▸ **PROBLEM**:
Once the line containing "探索抖音号回收新方式，轻松管理你的网红商城订单。" is found in the entries below, restate it and each following line word for word, stopping after the line containing "チェリーブロッサム」のアイデア 11 件 | 花 イラスト, 水彩, 桜".

[Start of section]

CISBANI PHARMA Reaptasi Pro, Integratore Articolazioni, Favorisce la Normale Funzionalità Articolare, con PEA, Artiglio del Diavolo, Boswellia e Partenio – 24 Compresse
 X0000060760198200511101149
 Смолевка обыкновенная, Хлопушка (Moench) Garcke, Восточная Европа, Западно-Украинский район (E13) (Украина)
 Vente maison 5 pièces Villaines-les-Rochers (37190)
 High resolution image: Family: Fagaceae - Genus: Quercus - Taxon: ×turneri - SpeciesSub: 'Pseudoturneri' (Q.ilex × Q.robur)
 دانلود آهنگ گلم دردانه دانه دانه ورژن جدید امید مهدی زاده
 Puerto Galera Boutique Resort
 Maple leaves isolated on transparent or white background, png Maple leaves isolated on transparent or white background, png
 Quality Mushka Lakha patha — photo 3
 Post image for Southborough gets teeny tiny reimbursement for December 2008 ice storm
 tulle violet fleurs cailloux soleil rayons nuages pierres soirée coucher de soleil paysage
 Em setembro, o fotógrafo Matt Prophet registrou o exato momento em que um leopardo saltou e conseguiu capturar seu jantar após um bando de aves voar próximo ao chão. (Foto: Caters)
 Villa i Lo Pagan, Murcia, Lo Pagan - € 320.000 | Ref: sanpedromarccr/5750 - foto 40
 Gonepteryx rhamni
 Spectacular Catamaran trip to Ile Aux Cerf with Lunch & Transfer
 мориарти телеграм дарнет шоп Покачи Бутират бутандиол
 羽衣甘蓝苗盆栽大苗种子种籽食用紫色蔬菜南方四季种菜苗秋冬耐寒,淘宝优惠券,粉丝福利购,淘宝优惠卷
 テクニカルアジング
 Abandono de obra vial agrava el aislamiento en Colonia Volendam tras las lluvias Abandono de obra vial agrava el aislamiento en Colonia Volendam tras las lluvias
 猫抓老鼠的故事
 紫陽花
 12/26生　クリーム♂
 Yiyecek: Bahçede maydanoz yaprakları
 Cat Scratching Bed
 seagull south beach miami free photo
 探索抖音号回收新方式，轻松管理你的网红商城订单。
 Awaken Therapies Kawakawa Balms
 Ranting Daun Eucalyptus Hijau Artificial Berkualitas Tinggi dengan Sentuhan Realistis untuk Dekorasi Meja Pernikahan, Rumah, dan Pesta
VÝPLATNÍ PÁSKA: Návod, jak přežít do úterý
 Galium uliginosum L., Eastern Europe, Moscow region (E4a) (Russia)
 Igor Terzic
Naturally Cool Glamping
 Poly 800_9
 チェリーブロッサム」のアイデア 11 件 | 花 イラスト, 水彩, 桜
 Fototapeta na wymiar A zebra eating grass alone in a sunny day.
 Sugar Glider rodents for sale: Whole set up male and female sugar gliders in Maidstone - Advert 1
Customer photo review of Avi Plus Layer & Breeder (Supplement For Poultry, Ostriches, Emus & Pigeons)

[End of section]

▸ **TASK RESPONSE**:
 探索抖音号回收新方式，轻松管理你的网红商城订单。
 Awaken Therapies Kawakawa Balms
 Ranting Daun Eucalyptus Hijau Artificial Berkualitas Tinggi dengan Sentuhan Realistis untuk Dekorasi Meja Pernikahan, Rumah, dan Pesta
VÝPLATNÍ PÁSKA: Návod, jak přežít do úterý
 Galium uliginosum L., Eastern Europe, Moscow region (E4a) (Russia)
 Igor Terzic
Naturally Cool Glamping
 Poly 800_9
 チェリーブロッサム」のアイデア 11 件 | 花 イラスト, 水彩, 桜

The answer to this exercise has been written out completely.